▶ [About this exercise]: Take the material below and extract the lines from the one with "Safari Temalı Doğum" through the one with "Aritzia Wilfred Straight Leather Pants", word for word, without pictures.
[[ Input data, beginning ]]
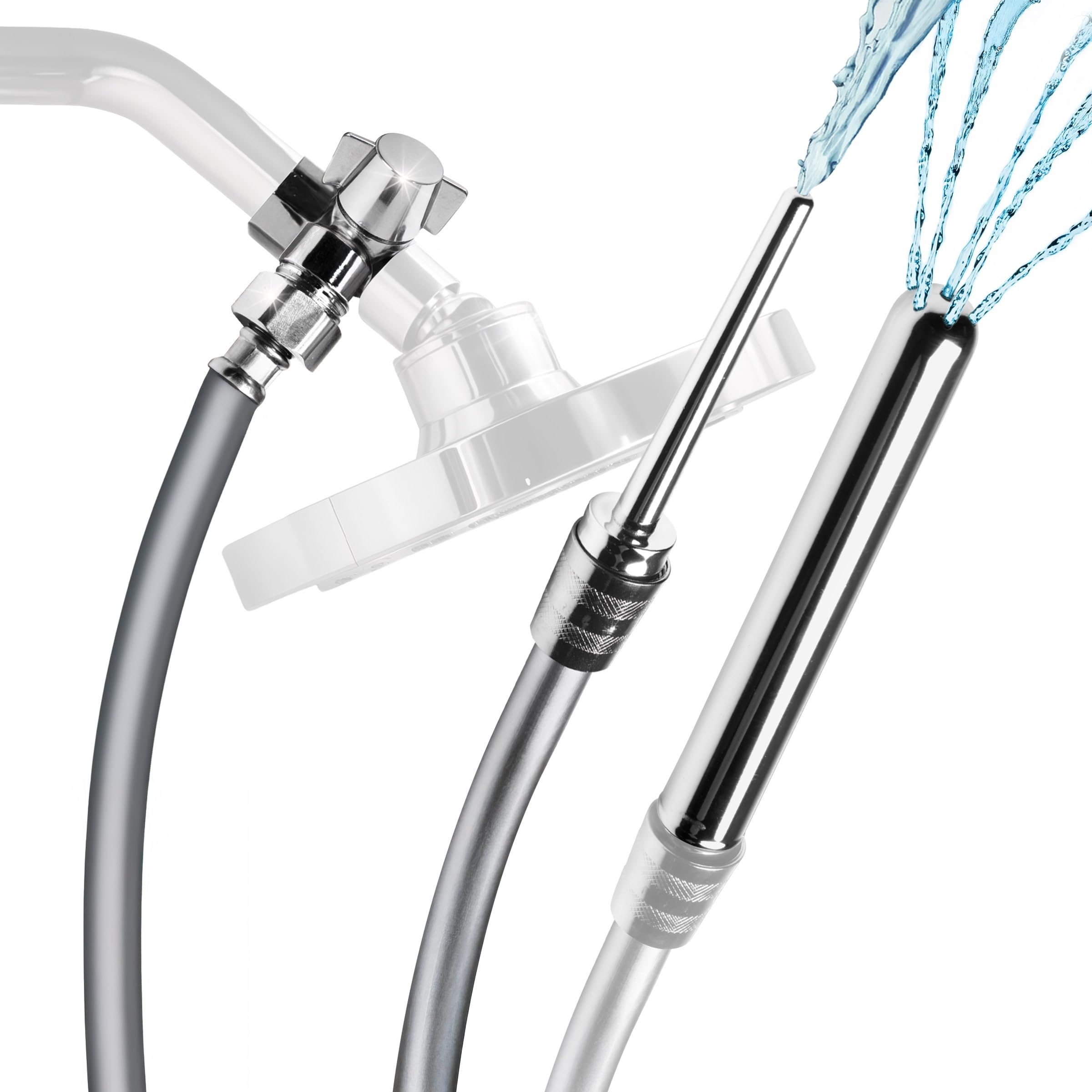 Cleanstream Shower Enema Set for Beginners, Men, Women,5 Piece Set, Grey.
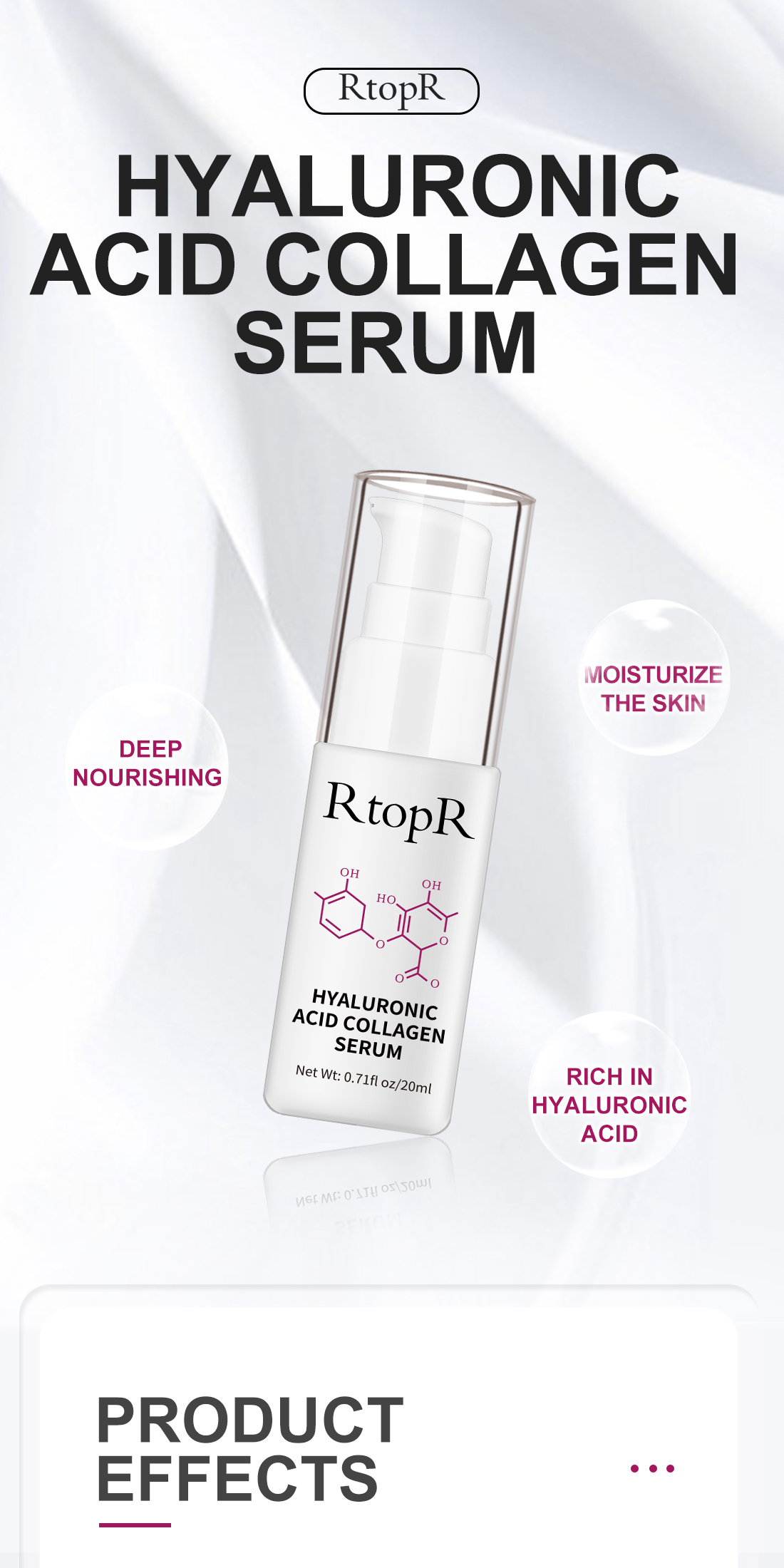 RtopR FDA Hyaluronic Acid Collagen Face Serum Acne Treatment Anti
[[ Input data, end ]]
[[ Input data, beginning ]]
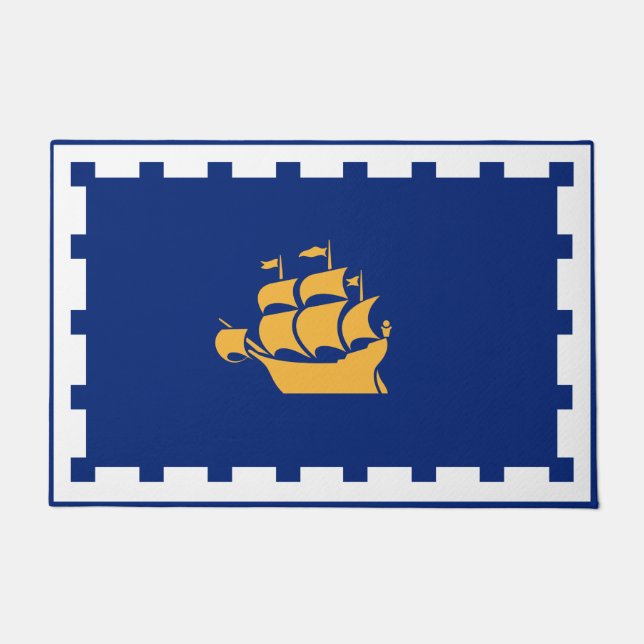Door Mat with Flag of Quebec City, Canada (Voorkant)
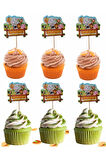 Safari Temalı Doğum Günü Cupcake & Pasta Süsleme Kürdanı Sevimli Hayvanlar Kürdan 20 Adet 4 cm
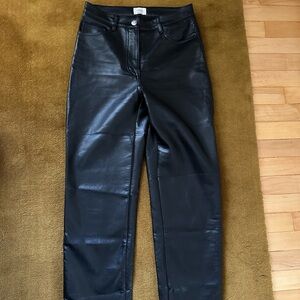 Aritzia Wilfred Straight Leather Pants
[[ Input data, end ]]
▶ [Response to the task]:
 Safari Temalı Doğum Günü Cupcake & Pasta Süsleme Kürdanı Sevimli Hayvanlar Kürdan 20 Adet 4 cm
 Aritzia Wilfred Straight Leather Pants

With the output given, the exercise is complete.